Yes, puppy coat is soft and fluffy and adult coat should be coarse and dense. I have lived with blacks, silvers, reds and whites, and the silver has by far the densest, wiriest coat of the bunch (think SOS pads!!) Holly (red) had very silky, soft fly away coat as a youngster, but is very wiry as an adult. The blacks were the easiest to live with because when you brushed them out they looked lovely, even if they were in need of a haircut, where the reds are always curlier even when brushed and kinky little ringlets to the skin. But I find that Holly matts less than any of them ever did. Thinker`s Mom was white, and she matted terribly.


----------



## cbrand (Aug 9, 2009)

bigredpoodle said:


> So in essence you bred for color "I wanted to be careful not to introduce Cream/White/Apricot. This left me looking at dominant Black and Black/Brown stud"
> He carries for brown and is producing brown .
> Since your bitch came from a line that carried for brown .. You focused on getting the brown . In essence you bred for color.


No I avoided introducing Cream and I bred to a stud who was especially strong in body, bone and coat. Getting Brown was not a consideration.
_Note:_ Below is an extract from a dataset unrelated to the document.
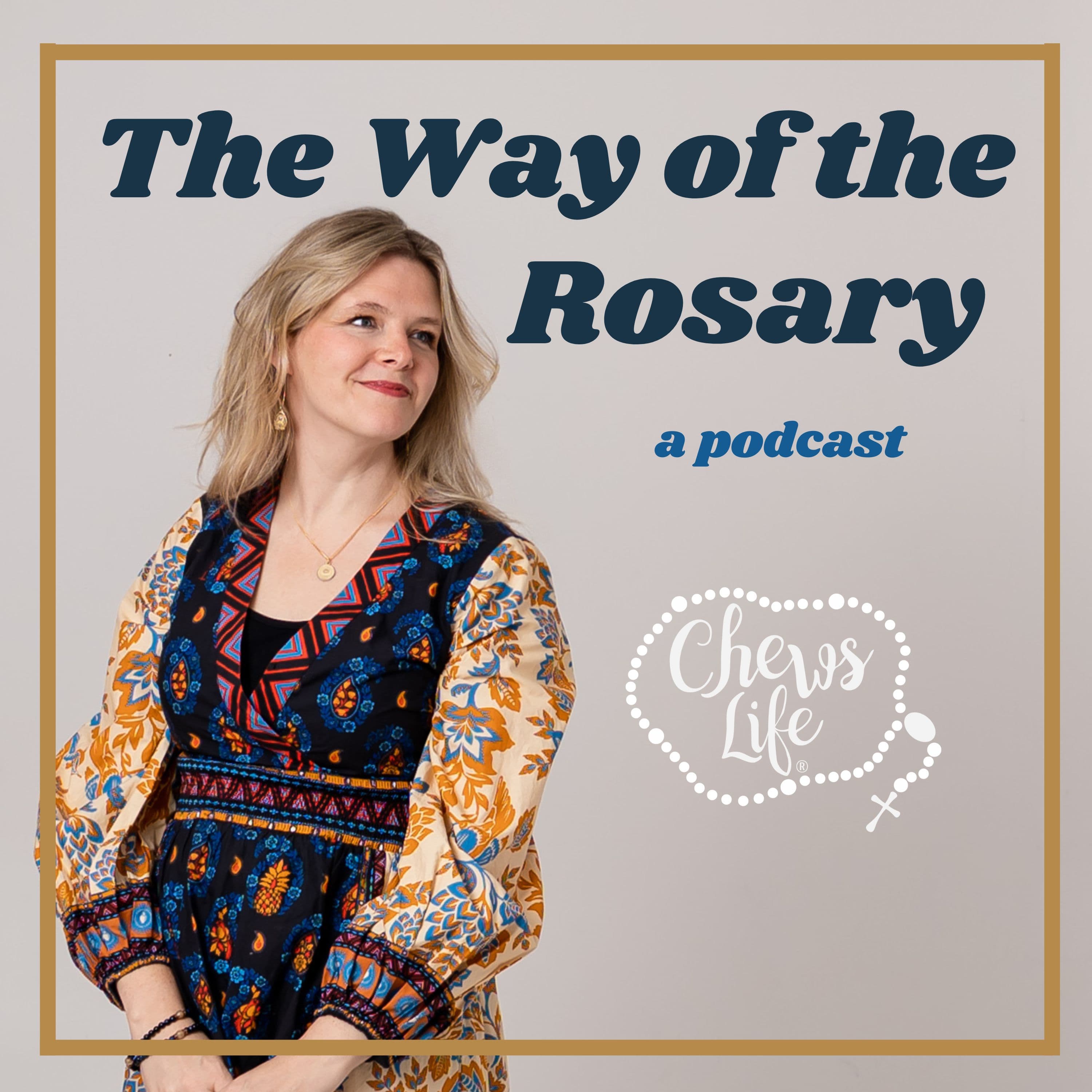 The Way of the Rosary podcast artwork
Edited to add that if Brown had been the primary concern, I would have bred to a Brown stud since it would have given me a liter that was 50% Brown.


----------



## redcricket (Dec 5, 2009)

I can't speak for other colors, but my red is very coarse and wiry, and very curly. She is a b*tch to blow out straight! LOL! No pun intended! All she needs is a bit of humidity or a touch of rain to touch her and she starts to curl immediately! Clover (my cream) still has her puppy coat, so I can't comment on that. My cousin however, has a cream, and she is softer than Cricket, but just as curly, and my aunt had a black standard and he was super coarse and VERY curly! As a child, I used to think she gave him a perm! LOL! (She was a hairdresser)


----------



## bigredpoodle (Sep 13, 2009)

redcricket said:


> I can't speak for other colors, but my red is very coarse and wiry, and very curly. She is a b*tch to blow out straight! LOL! No pun intended! All she needs is a bit of humidity or a touch of rain to touch her and she starts to curl immediately! Clover (my cream) still has her puppy coat, so I can't comment on that. My cousin however, has a cream, and she is softer than Cricket, but just as curly, and my aunt had a black standard and he was super coarse and VERY curly! As a child, I used to think she gave him a perm! LOL! (She was a hairdresser)


I have reds that are both ways But for the most part I feel like I have pretty correct coats, very curly and dense.. . My silver is very coarse however. Hard to cut even with the SS comb..


----------



## ArreauStandardPoodle (Sep 1, 2009)

The only blade I can easily get through Thinker's coat is a #7 for the rough out, and then skim over him with a #5 for the finish.


----------